Is it just me or has anyone else noticed how so many holidays seem to be centered around junk food? From Halloween candy to Christmas cookies to Valentine’s Day treats to Easter baskets it feels like my daughters collect enough candy from the holidays alone to feed an entire army (and we actually did help feed the army by shipping our Halloween candy to them one year!). And since holidays, which seem to pop up every other month, are intertwined with birthday parties, school rewards, and other special occasions (King Cake for Mardi Gras anyone?) I often feel like I don’t even get the chance to “treat” my kids to something special because everyone else does it for me. But that’s because we aim to let treats truly be a “treat” at our house, which means not getting one every single day (or even every other day), and it sometimes feels like the rest of the world isn’t quite on board with that idea. This post is not about that though…it’s actually about how “treats” can be fun and exciting without also being full of sugar or artificial colors (or from a factory)!
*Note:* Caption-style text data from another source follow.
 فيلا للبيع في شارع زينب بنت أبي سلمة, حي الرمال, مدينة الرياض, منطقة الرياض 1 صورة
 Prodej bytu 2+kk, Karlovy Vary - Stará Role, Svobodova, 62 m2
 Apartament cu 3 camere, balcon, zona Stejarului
I know people get caught up in wanting to give kids something special – and some people even think I am “depriving” my children when I don’t want them to have highly processed junk food – but how special is it really if it’s also not good for their health? Sure a piece of candy here or there probably won’t hurt anything and my kids certainly eat junk food like that on occasion, but the point is I can offer something that’s better for them and just as exciting! I think it’s up to us to decide what foods are deemed as “special.” If I put a little extra thought into how a certain food is presented, and I tell my girls it’s extra special then guess what? They agree and get pretty excited about it. They are young (4 and 7) so I’m not sure how long this will last, but you should have seen how they were clamoring over the pictured heart shaped fruit (on the kabob sticks with ribbons) while I was busy taking a million pictures of them. They were thrilled when I finally said they could gobble them up. Was it a little more work than ripping open a Pop Tart? Sure, but not much and I personally think the extra effort was worth it to feel good about what I was feeding them. :)
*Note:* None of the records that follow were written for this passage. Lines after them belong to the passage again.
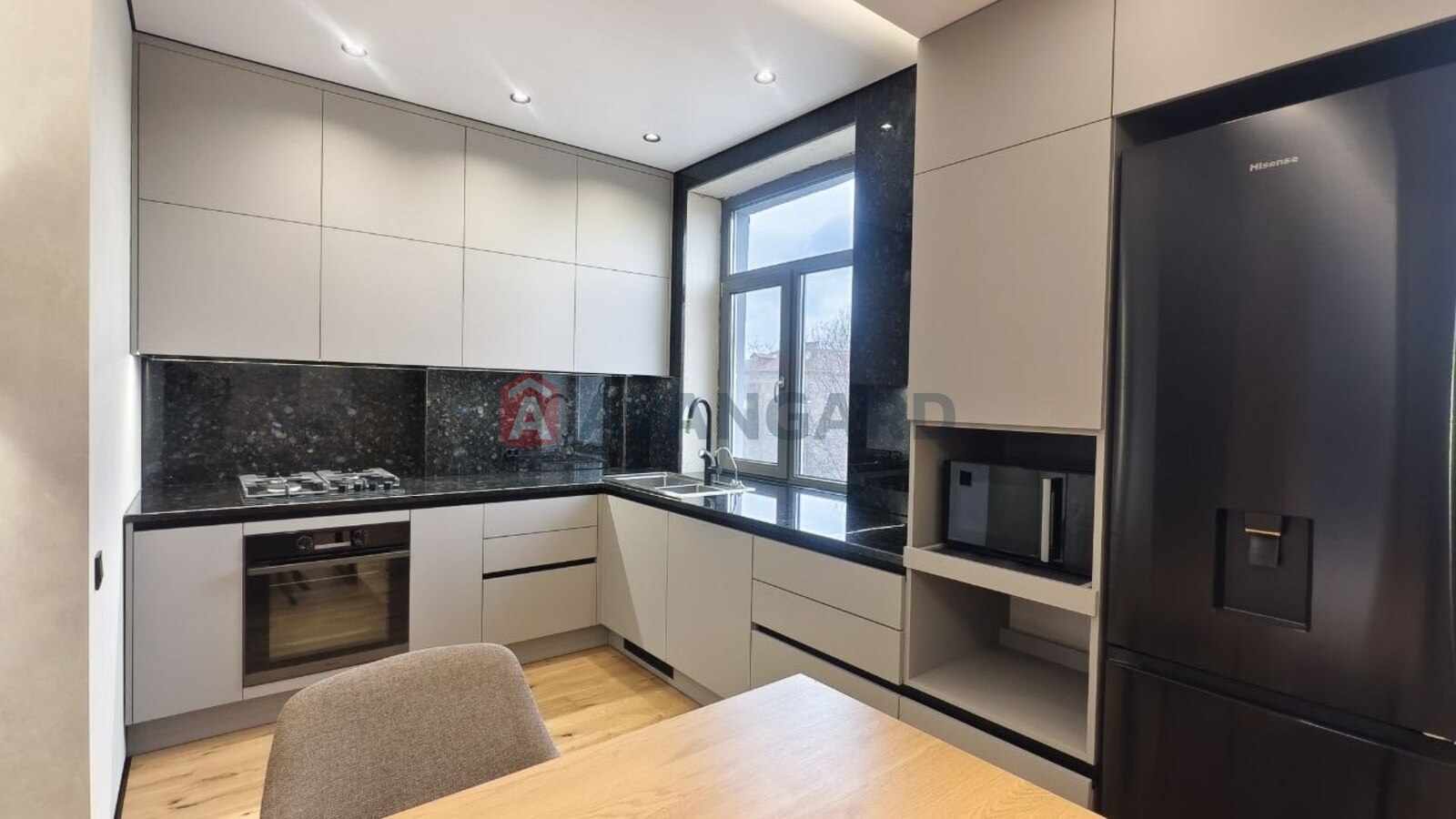 2 ��. ��������, 52/-/18 ��. �., 5/5 ������ ���� 1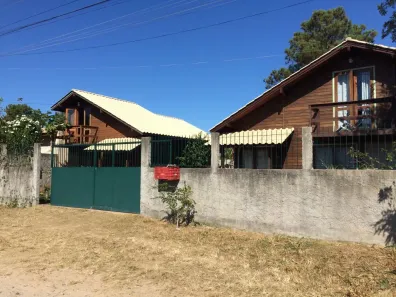 Casa com 2 Quartos à venda, 105m² no São João do Rio Vermelho, Florianópolis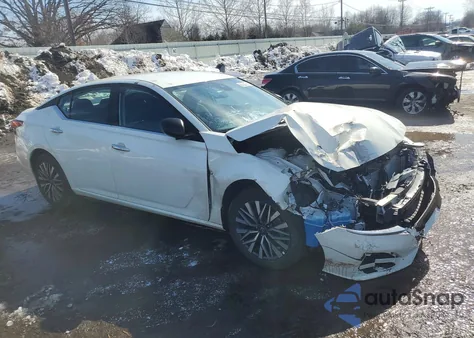 2025 Nissan Altima 2.5 Sv из США, поврежденный, VIN 1N4BL4DW4SN417395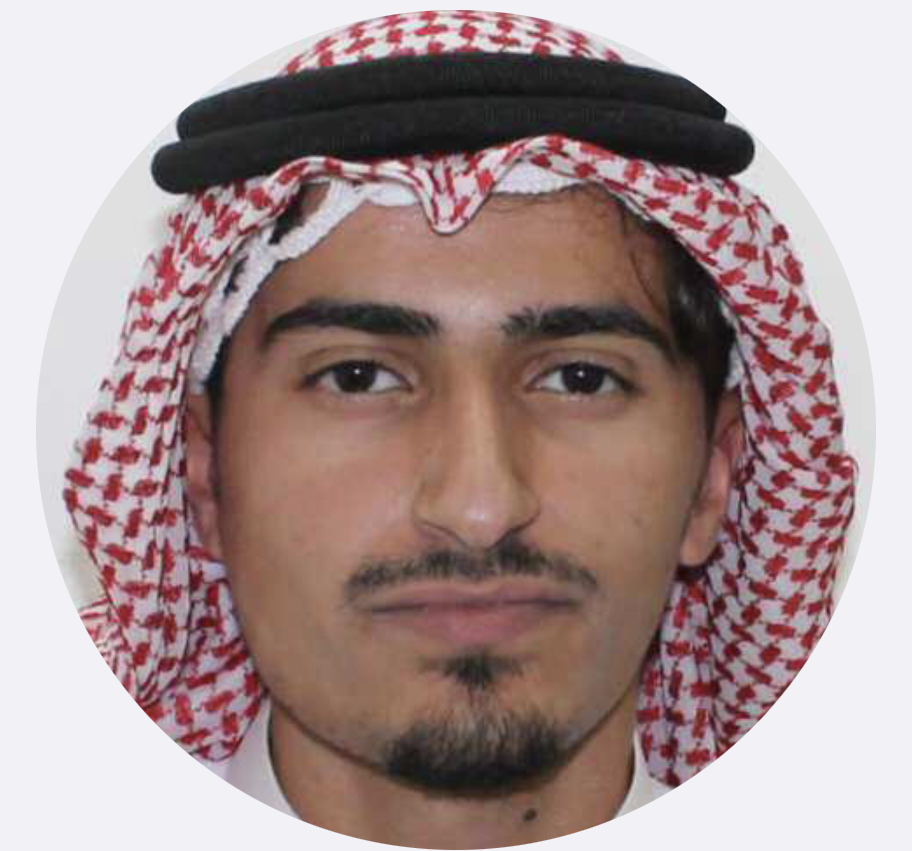 القائد أم المدير المثالي؟
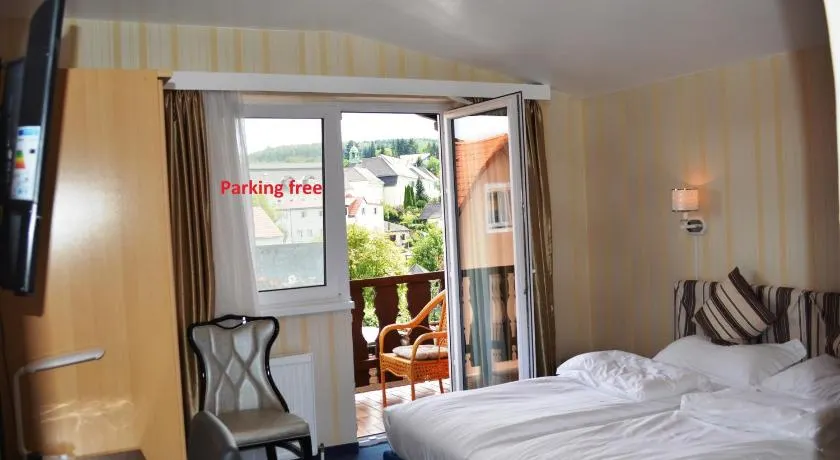 Hotel Austria - Image 1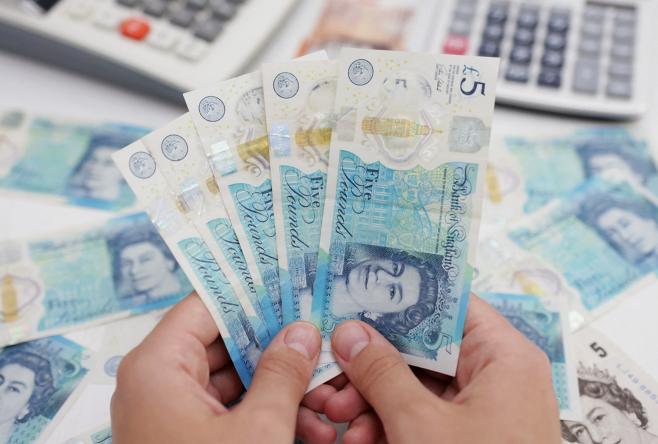 Bảng Anh hướng tới quý tăng tốt nhất trong hơn 13 năm so với đồng USD - Ảnh 1.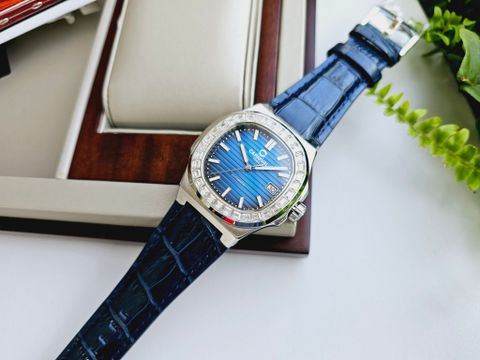  Đồng hồ Carnival 8108G-VT-DD-X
So in the midst of the standard candy this Valentine’s Day I hope you’ll consider trying out some of these holiday-themed alternatives as well (as I’ve said before…cookie cutters aren’t just for cookies!):
- Heart or X & O shaped cheese or fruit (apple, kiwi, & honey-dew melon pictured above) either by itself or with other pieces on kabob sticks.
- Homemade whole-wheat brownies (pictured & recipe below) that are heart-shaped or have heart shapes on them using unsweetened coconut, homemade whipped cream, unsweetened cocoa powder, or crushed nuts…you could even stick a small heart-shaped strawberry on top.
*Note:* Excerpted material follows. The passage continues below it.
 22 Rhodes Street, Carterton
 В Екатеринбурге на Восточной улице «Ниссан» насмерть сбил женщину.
- Heart-shaped homemade whole-grain pop tarts.
- Whole-grain breads (like banana, zucchini, or pumpkin) baked in heart-shaped muffin tins.
- Whole-grain muffins baked in either full-sized or mini Valentine’s-themed paper muffin holders (can be found at Michael’s Craft Store or Target).
- Heart or X & O shaped breakfast pancakes (pictured) either plain or with flavored cream cheese – try mixing in fresh pureed strawberries or an all-fruit raspberry jelly to make it pink – in the middle to make it a sandwich.
- Fruit or cheese squares stuck with Valentines-themed toothpicks (can be found at Michael’s or Target).
- Heart shaped PB&J sandwiches for lunch (save the bread scraps in the freezer to make croutons or stuffing another day).
- A Valentine’s themed lunch with a heart-shaped sandwich, heart-shaped fruit, and even heart-shaped cheese on a salad!